Stattdessen produziert Martin Terefe, der auch schon für die Modernismen auf „Cobblestone Runway“ sorgte. Doch dieses Mal lässt er die Elektronik im Heimwerkerkeller. „Retriever“ ist vintage Sexsmith, wie man so sagt. Warme Gitarren, perlendes Klavier (unter anderem gespielt von Ed Harcourt), wohlige Streicher, butterweiches Schlagzeug (bei einigen Songs von Travis‘ Neil Primose) und natürlich diese herzerweichende Stimme. Hier hat alles seinen Platz, selbst der Weichspüler und Glattbügler Daniel Lanois stört nicht, denn er knipste nur das Coverfoto.

Opulenter Pop, meisterlicher Soul, wie der Verneigung vor dem großen Idol Bill Withers & Whatever It Takes“, und große Folk-Balladen.
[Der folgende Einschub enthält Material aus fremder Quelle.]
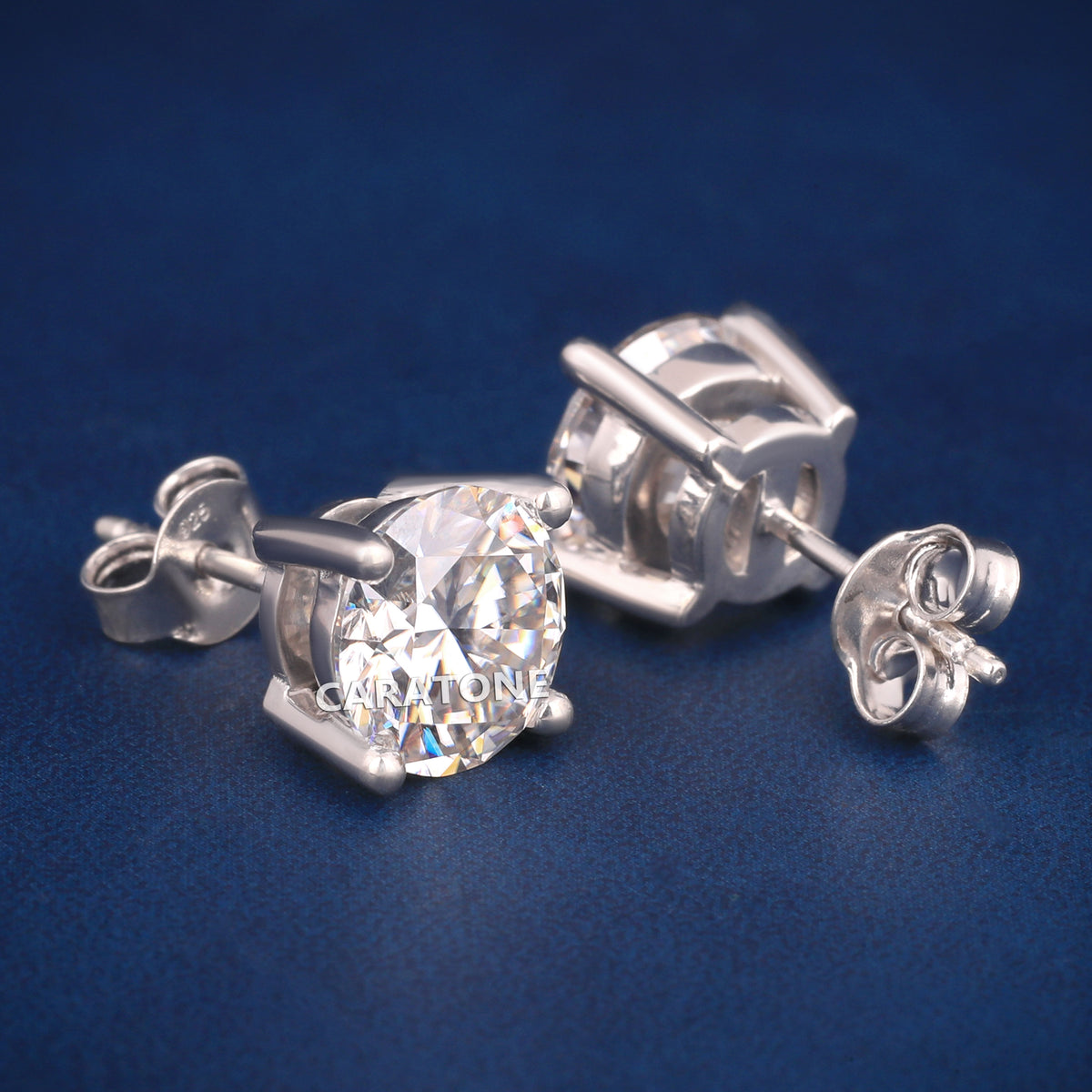 Round Brilliant Cut Diamond Stud Earrings in White Gold with Four-Prong Setting and Screw-Back Closure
Tatsächlich haben sich auch vier, allesamt meisterliche „rockigere“-was mit „beschwingtere“ ins Sexsmith-Vokabular zu übersetzen wäre – Stücke eingeschlichen, die dafür sorgen, dass das neue Werk auch dramaturgisch wesentlich besser funktioniert als alles seit (mindestens) „Whereabouts“.

Niemand schreibt momentan schönere, zeitlosere Songs ab dieser Mann, der nicht nur aussieht wie ein naher Verwandter von Brian Wilson und Roy Orbison, sondern auch das Sentiment dieser beiden Giganten in seinen Liedern heraufbeschwört. „How On Earth“, der wohl schönste Sexsmith-Song überhaupt, vergegenwärtigt „In Dreams“ und „Love And Mercy“: „Dreams come true in heaven all the time/ Baby how on earth.“

„Retriever“ ist wie ein wahr gewordener Traum und ohne Zweifel das bisher tollste Album dieses Ausnahmesensibilisten. Das würde man ihm natürlich auch gerne persönlich sagen.